Clearly, we’ve got a recognizable face here. Feeling good about that, we can start to play with the SVD of this matrix. The R function to generate the SVD of a matrix is simply svd:

 1  green.matrix.svd <- svd(green.matrix)

svd returns a list with three entries: d, u and v. d is a vector of the singular values ordered by decreasing size; u and v are matrices that are combined with a diagonal matrix form of d to give the original input matrix. To simplify things, I’ll set up variables to contain the value of these elements of the SVD output list:

 1 2 3  d <- green.matrix.svd$d u <- green.matrix.svd$u v <- green.matrix.svd\$v

We can check that the SVD works by multiplying the relevant matrices:

 1 2 3 4  green.matrix.reconstruction <- u %*% diag(d) %*% t(v)   mean(green.matrix - green.matrix.reconstruction) # [1] -5.184204e-16

If this is the SVD by itself, it’s not clear that it’s useful computationally: we’ve just rewritten one matrix as the product of three matrices and accumulated a small bit of error along the way. The real utility of the SVD lies in the singular values: they represent, in decreasing order, the most important information about the original matrix.

To see this, you can shrink the input matrices and produce a compressed form of the matrix. For instance, my original matrix is a 212 by 201 image. Using the SVD, we can represent it as the product of a 212 by 2 matrix, a 2 by 2 matrix, and a 2 by 201 matrix. This massively reduces the amount of information we’re storing, but you can already see the outline of our input image in the results:

 1 2 3  green.matrix.compressed <- u[,1:i] %*% diag(d[1:i]) %*% t(v[,1:i])   image(green.matrix.compressed, col = heat.colors(255))

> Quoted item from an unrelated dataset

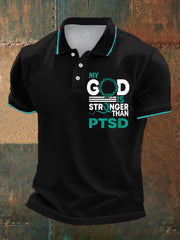 Men's PTSD Awareness Veteran Printed Casual Tops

To get a feel for how this works, we can iterate over the number of singular values we include in our compressed form:

 1 2 3 4 5 6 7  for (i in c(3, 4, 5, 10, 20, 30)) { green.matrix.compressed <- u[,1:i] %*% diag(d[1:i]) %*% t(v[,1:i]) png(paste('images/Green Image SVD Compressed ', i, '.png', sep = '')) image(green.matrix.compressed, col = heat.colors(255)) dev.off() }

This produces the following images:

#### 30 Singular Values

As you can see, the images get better quite quickly. Indeed, this last image looks great, despite the large reduction in the number of entries we’re keeping from the original matrix. I’d say that’s a pretty compelling case for the value of the SVD. It would be easy to combine the compressed matrices for red, green and blue to get a compressed version of our input image using its original color scheme. I’ll leave that as an exercise for anyone interested in playing with this technique on their own.

Of course, the SVD has tons of other uses, but this simple hack for image compression struck me as pretty interesting, as well as being remarkably simple to implement in R.